I think it’s that Xuriel is her actual name, and Dabbler is her nickname (because she dabbles in so many things). So her friends call her Dabbler when being casual. Which probably means Dexon is one of her friends.
I will argue that Far Cry Blood Dragon is the superior style of Far Cry. Putting Ubisoft “Climb A Thing” game play into 80s genre Sci-Fi over the top camp is ideal.
A Far Cry Blood Dragon: Virtues of Venus, could use even older 50s and 60s Sci-fi takes of Venus. As an alien Swamp world. Or even take it out solar system Far Cry Blood Dragon: Alpacas of Alpha Centauri, set in the triple star cluster of the Centauri stars with a bit of Flash Gordon flare.
Forget UbiSoft, I want to make those games myself.
Head canon says Dixon is an incubus, and will appear in any HQ background scenes that occur early in the morning, always with a different partner.
Also easts popcorn in the background while watching obstacle course drills.
Fairly sure Dabbles said there were no Incubus
She did, which I am sad about.
Um, why? You have an omnisexual being who’s capable of shapeshift.
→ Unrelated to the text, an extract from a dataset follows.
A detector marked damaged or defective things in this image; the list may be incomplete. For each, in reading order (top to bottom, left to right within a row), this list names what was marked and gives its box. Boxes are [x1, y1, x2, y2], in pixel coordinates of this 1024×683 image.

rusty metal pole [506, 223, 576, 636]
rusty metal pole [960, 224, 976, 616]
So it sounds to me like there are as many males as there are succubi who want to be male on a given evening.
If you care a lot about whether your boyfriend turn femme when they’re asleep and their concentration drops, I’m sure at least a few have learnt a more advanced version of shapeshift and can remain male indefinitely.
And as for whether or not some would want to be male on a given evening, back up to the part about “omnisexual.” There’s just about nothing that a succubus isn’t into if there’s a partner who’s so much into it that it stirs up the ol’ Tantric Energy.
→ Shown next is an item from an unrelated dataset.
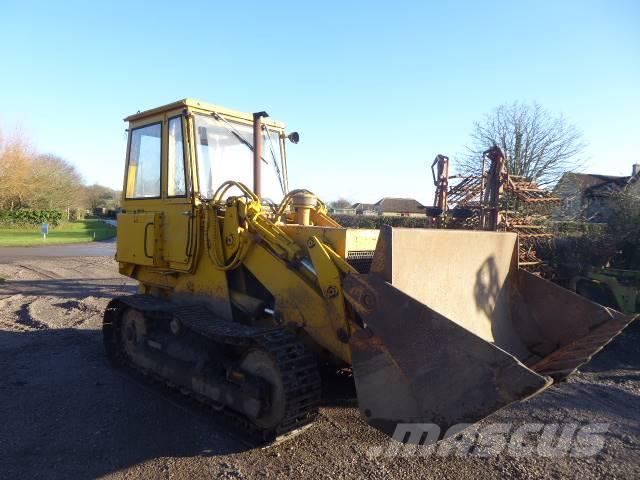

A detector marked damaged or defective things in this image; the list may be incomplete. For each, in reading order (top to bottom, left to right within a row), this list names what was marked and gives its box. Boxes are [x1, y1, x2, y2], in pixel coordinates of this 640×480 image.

rusty machine in background [430, 147, 560, 270]
rusty bucket interior [344, 227, 636, 440]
Where was it revealed that Dabbles can shapeshift? She can cast an illusion to appear as you wildest female fantasy, but she doesn’t change her shape (remember when Maxi got an invisible groping from a disguised Dabbles?)
Oh, come on. As if they’d use PowerPoint. They probably use actual photograhic slides and there’s probably one that’s been loaded into the projector the wrong way up, or that’s inappropriate for an invasion pitch.
Also, their slides are probably animated and that one with the tentacles that really look like they’re dragging that guy into the frame with them really are dragging that guy into the frame with them.
Sooo, was the pact between Dabbler and Tom that she would locate a world for him to conquer? Did she come to Earth as a harbinger of doom and decide that she liked it here?
I’m still going with “Date for High School Reunion”
There are a fair number of democracies on this world, so they could look at establishing a political party if they think they’re that convincing. :p
Heck, they’d have a decent chance of WINNING elections in several countries – if they could get past the citizenship thing – get awarded citizenship or something.
Tom: “Vote for me because my opponent is a politician and I’m not!”
Opponent: “But he is a literal demon whose platform is to turn our country into a demonic hellscape”
Some Voters: “Eh, let’s give it a try”
I mean… if the Natural Environment Research Council’s experiences with the RRS Sir David Attenborough demonstrate anything, I’d say “Many Voters”
Any chance that a scene similar to this – minus the super element – may have happened at a workplace near you?
wait he tired out Dabbler?
Sure, why not :)
Dabbler just had not a three course but extremely filling many course meal. She needs some time to digest (and to bask in the afterglow, that’s a priority too)
Why do you think that?
Is there something I’m missing that indicates that she’s particularly tired?
Dexon said Dabbler looked “languid”. https://www.merriam-webster.com/dictionary/languid
I… missed that. Thanks
If Dexon would have a voice actor, I’m thinking David Spade would work. :)
Here’s the question: what would have been their actual strategy? Because if they were planning on pushing for democratic elections and letting the people of the world put it to a vote, then Maxima would be forced to confront the truth of what Deus told her: that her job is to preserve the status quo.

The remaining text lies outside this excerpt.